MidKent College – anger at Trump and Starmer

James Gretton, university student

Socialist Party members promoted the youth walkout against Trump to students at MidKent College in Medway. At our campaign stall, students opposed to Trump likewise opposed Starmer. They organically connected the dots that both leaders favour the capitalist class, exacerbating the cost-of-living crisis for everyone.

But a common response from MidKent students was how Trump and his consequences are confined to the US, not concerning the UK. But Trumpism is accelerating the capitalist crisis. And Trump’s far-right populism threatens the rights of various groups, including students.

In times of capitalist crisis, world leaders hope their people won’t fight back. Students and workers, including at MidKent, can disprove that with a socialist fightback.

Solidarity with workers and young people in California

Walk out against Trump!

Socialist Students stands in solidarity with workers and young people in the US, facing down President Donald Trump’s state repression. We are organising students at schools, colleges and unis to walk out against Trump on Day X – the day Trump visits parliament, on the invitation of Starmer and the King.

Protests have erupted in Los Angeles, California against the deportation of migrants, under the orders of Trump, by immigration authority ICE. The Trump administration has sent in the National Guard, a military force, to put down protests. Workers and young people have faced tear gas, rubber bullets and explosives from state forces.

Hypocritically, both Trump and Democratic Governor of California Gavin Newsom have called for an end to violence, while forces under their instructions carry out acts of brutality.

During the protests, David Huerta, President of California’s largest trade union the Service Employees International Union (SEIU), was arrested. The union is currently organising a strike of 55,000 LA county workers.

Trump and other capitalist politicians want to cut across a united working-class fightback. With nothing positive to offer working-class and young people, Trump’s policies are aimed at whipping up division – carrying out cuts and attacking the rights of women, trans people, migrants and others.

These events show that his attacks will provoke protests, in the US and internationally.

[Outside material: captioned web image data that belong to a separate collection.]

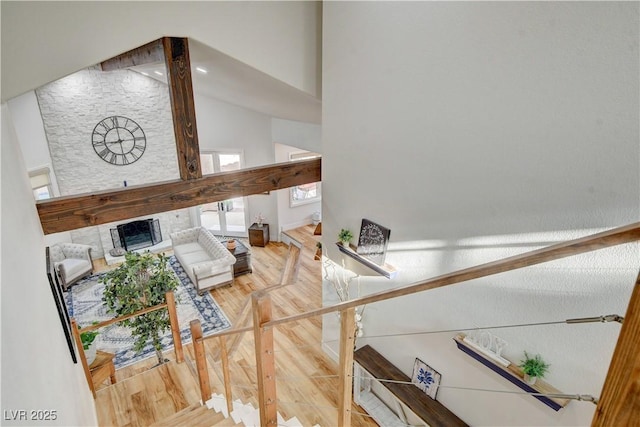 interior space with a high ceiling, a stone fireplace, and hardwood / wood-style floors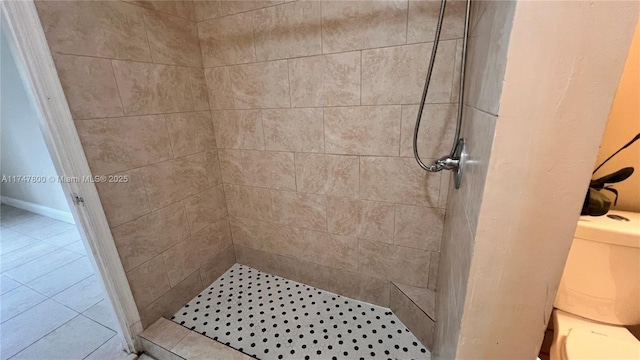 bathroom featuring a tile shower and toilet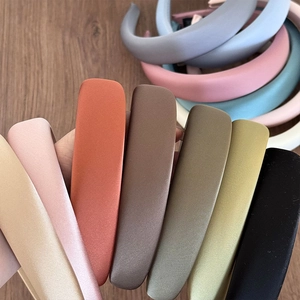 Detailed fan-out view showing multiple colors of padded satin headbands on wood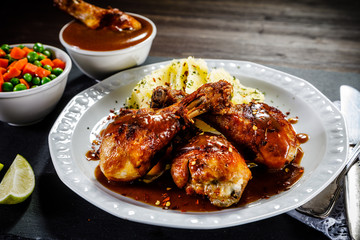 Grilled chicken legs with boiled potatoes on wooden background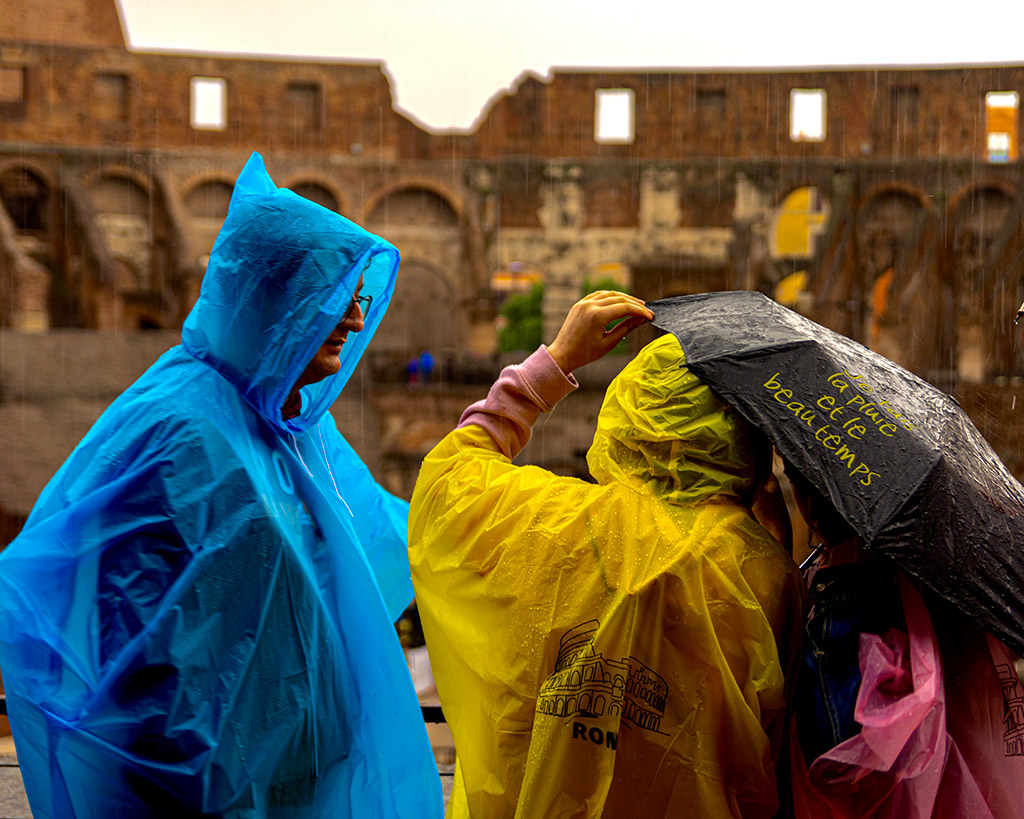 A very wet day at the Colosseum, the wonderfully bright colours of this family’s rain ponchos 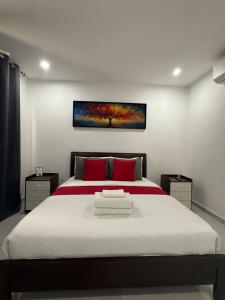 a bedroom with a large white bed with red pillows at Viva La Rosa Hometel in Anda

When Trump comes to visit Britain, we are ready to show we stand with the working class in the US and internationally, not with Starmer’s Labour government rolling out the red carpet for him.

It’s important we start organising and building for the walkouts now so that, the moment Trump steps foot in Britain, we can have a united show of strength. To get involved and help us prepare for the walkouts, get involved and join Socialist Students. Help us build a socialist alternative to capitalist chaos.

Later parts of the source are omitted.